Maybe it wasn’t them, I thought. But as I pulled up to the entrance of the hospital, their faces told the story. I wound up spending the rest of the night driving around town as they gathered belongings and visited relatives. All the while, my radio crackled with requests for rides. I eventually turned it off.

It’s a strange thing, being an unsuspecting witness to what, in the case of the Kennedys, was a new chapter in a tragic history—a history that so magnetically attracted public attention. It’s not hard to understand the fascination. Days later, I read about Michael’s funeral, held in Centerville, Mass., Jan. 4, 1998. My 24th birthday.

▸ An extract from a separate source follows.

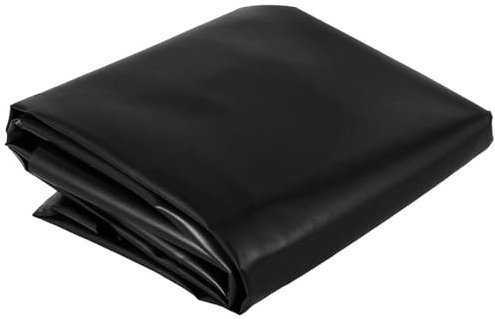SUBLXPoten Teichfolie Teichfolie, wasserdichte Membran for Gartenpools, zuschneidbar, hält das Wasser sauber, Teichfolie, fischsicher, Teichhäute, 0,2 mm dick(2x3meter)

Joe gave the eulogy. Letters from Bill Clinton, Nelson Mandela and Coretta Scott King were read aloud. Arnold Schwarzenegger and then-wife Maria Shriver were there. So were John F. Kennedy Jr. and his wife, Carolyn, the glamorous, star-crossed couple that, 18 months later, would add their own sad chapter.

Twenty years have passed since I drove in silence through Aspen’s streets with the Kennedy clan as the city loudly rang in 1998. The finer details are fuzzy, but I do remember two things as clear as yesterday.

I helped one of the men load a bag into the Suburban. As I tossed it in, I noticed a name scrawled in marker across the handle: Kennedy. And as I dropped the last passenger off in the early morning, he handed me a wad of bills. $100.

To this day, I regret taking it.

Note: This story is based on the writer’s first-hand experience and news and police reports.